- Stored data
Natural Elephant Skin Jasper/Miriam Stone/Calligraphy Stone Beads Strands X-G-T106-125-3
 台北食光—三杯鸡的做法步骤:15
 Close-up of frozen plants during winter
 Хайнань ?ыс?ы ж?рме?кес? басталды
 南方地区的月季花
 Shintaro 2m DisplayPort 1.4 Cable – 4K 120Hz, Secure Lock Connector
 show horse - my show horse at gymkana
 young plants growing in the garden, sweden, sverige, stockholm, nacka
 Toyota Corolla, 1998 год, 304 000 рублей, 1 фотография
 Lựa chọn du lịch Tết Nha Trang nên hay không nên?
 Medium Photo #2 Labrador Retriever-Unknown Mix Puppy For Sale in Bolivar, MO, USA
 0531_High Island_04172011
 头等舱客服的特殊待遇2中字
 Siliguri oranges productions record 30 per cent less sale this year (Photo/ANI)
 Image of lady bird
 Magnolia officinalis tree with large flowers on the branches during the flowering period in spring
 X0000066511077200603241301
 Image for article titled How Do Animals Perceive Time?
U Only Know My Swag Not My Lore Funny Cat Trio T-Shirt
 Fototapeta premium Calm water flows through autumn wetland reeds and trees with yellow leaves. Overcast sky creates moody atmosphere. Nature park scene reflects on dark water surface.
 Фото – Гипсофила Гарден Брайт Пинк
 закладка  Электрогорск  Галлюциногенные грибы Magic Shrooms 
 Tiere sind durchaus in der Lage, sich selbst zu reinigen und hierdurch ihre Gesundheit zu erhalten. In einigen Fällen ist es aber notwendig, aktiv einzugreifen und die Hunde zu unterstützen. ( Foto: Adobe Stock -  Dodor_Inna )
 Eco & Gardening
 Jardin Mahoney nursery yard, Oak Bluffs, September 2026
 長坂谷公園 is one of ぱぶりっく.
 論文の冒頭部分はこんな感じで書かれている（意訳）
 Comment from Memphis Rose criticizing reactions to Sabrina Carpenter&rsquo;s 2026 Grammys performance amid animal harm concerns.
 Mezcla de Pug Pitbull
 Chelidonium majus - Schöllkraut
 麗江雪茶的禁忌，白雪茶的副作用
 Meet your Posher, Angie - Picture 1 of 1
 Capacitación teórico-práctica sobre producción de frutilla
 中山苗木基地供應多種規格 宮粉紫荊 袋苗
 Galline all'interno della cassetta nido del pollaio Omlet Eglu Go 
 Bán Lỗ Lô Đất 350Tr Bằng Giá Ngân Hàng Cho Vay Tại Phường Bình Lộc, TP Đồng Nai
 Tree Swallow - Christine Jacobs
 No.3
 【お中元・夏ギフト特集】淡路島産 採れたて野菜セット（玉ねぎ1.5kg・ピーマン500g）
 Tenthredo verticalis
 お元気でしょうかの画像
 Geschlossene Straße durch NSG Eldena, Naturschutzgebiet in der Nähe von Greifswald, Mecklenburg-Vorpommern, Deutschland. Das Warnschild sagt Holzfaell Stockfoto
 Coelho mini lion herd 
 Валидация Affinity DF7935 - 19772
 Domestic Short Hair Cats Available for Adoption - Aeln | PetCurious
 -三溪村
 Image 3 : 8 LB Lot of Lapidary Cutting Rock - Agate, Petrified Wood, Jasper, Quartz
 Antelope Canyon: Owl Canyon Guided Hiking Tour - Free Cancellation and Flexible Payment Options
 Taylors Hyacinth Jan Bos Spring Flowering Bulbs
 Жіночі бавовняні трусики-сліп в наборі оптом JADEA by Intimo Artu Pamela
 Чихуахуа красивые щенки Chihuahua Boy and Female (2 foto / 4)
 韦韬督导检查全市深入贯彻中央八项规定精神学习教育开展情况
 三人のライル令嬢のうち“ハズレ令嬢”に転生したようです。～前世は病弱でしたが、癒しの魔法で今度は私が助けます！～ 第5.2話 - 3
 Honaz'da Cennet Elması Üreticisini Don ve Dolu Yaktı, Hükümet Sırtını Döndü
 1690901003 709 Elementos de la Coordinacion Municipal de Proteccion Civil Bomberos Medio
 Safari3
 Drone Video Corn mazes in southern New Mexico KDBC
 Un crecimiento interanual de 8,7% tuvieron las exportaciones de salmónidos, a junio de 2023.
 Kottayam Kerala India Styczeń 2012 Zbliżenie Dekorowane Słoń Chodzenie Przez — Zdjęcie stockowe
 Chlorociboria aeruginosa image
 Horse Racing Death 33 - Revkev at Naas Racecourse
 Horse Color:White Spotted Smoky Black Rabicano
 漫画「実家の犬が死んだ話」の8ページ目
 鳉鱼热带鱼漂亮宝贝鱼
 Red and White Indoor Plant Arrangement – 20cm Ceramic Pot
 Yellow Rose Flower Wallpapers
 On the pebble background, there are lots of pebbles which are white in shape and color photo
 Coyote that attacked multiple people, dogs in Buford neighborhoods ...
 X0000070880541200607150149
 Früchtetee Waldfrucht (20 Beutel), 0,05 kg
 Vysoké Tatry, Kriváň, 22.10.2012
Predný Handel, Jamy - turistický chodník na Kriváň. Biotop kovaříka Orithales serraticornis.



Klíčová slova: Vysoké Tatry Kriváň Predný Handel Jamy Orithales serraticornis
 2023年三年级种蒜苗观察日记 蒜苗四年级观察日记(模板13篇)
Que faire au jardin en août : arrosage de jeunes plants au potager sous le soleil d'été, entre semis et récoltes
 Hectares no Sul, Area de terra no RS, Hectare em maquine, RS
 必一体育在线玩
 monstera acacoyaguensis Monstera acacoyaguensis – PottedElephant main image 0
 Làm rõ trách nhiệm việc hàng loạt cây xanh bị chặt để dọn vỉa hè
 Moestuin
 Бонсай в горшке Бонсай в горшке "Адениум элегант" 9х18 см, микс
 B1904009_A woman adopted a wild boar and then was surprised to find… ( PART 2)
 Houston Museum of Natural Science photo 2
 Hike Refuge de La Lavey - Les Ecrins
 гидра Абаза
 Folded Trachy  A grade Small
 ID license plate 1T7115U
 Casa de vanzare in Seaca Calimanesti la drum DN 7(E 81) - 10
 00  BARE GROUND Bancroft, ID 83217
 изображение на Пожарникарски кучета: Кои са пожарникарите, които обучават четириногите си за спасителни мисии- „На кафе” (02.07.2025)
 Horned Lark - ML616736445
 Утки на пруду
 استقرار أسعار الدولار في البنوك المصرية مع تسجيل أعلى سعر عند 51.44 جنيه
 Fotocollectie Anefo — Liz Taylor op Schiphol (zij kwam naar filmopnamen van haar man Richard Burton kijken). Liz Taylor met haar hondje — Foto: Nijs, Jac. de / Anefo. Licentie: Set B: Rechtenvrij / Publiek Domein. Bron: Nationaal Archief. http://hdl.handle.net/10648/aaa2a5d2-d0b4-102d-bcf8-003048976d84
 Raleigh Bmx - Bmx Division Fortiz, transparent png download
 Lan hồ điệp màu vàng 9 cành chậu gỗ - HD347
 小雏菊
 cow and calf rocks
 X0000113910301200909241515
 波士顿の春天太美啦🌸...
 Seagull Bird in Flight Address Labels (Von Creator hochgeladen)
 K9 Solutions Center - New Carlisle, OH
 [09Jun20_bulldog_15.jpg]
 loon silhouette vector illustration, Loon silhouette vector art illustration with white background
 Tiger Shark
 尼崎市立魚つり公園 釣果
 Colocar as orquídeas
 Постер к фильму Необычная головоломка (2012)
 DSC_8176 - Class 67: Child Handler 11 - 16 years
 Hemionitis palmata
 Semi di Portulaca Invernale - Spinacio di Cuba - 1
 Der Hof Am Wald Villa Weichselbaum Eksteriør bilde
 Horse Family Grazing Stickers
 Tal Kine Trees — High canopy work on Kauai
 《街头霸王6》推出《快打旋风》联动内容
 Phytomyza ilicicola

- ABOUT THIS EXERCISE
Copy the entries above exactly, but only from the line holding "Tenthredo verticalis" through the line holding "Vysoké Tatry, Kriváň, 22.10.2012", both included.

- EXERCISE RESPONSE
 Tenthredo verticalis
 お元気でしょうかの画像
 Geschlossene Straße durch NSG Eldena, Naturschutzgebiet in der Nähe von Greifswald, Mecklenburg-Vorpommern, Deutschland. Das Warnschild sagt Holzfaell Stockfoto
 Coelho mini lion herd 
 Валидация Affinity DF7935 - 19772
 Domestic Short Hair Cats Available for Adoption - Aeln | PetCurious
 -三溪村
 Image 3 : 8 LB Lot of Lapidary Cutting Rock - Agate, Petrified Wood, Jasper, Quartz
 Antelope Canyon: Owl Canyon Guided Hiking Tour - Free Cancellation and Flexible Payment Options
 Taylors Hyacinth Jan Bos Spring Flowering Bulbs
 Жіночі бавовняні трусики-сліп в наборі оптом JADEA by Intimo Artu Pamela
 Чихуахуа красивые щенки Chihuahua Boy and Female (2 foto / 4)
 韦韬督导检查全市深入贯彻中央八项规定精神学习教育开展情况
 三人のライル令嬢のうち“ハズレ令嬢”に転生したようです。～前世は病弱でしたが、癒しの魔法で今度は私が助けます！～ 第5.2話 - 3
 Honaz'da Cennet Elması Üreticisini Don ve Dolu Yaktı, Hükümet Sırtını Döndü
 1690901003 709 Elementos de la Coordinacion Municipal de Proteccion Civil Bomberos Medio
 Safari3
 Drone Video Corn mazes in southern New Mexico KDBC
 Un crecimiento interanual de 8,7% tuvieron las exportaciones de salmónidos, a junio de 2023.
 Kottayam Kerala India Styczeń 2012 Zbliżenie Dekorowane Słoń Chodzenie Przez — Zdjęcie stockowe
 Chlorociboria aeruginosa image
 Horse Racing Death 33 - Revkev at Naas Racecourse
 Horse Color:White Spotted Smoky Black Rabicano
 漫画「実家の犬が死んだ話」の8ページ目
 鳉鱼热带鱼漂亮宝贝鱼
 Red and White Indoor Plant Arrangement – 20cm Ceramic Pot
 Yellow Rose Flower Wallpapers
 On the pebble background, there are lots of pebbles which are white in shape and color photo
 Coyote that attacked multiple people, dogs in Buford neighborhoods ...
 X0000070880541200607150149
 Früchtetee Waldfrucht (20 Beutel), 0,05 kg
 Vysoké Tatry, Kriváň, 22.10.2012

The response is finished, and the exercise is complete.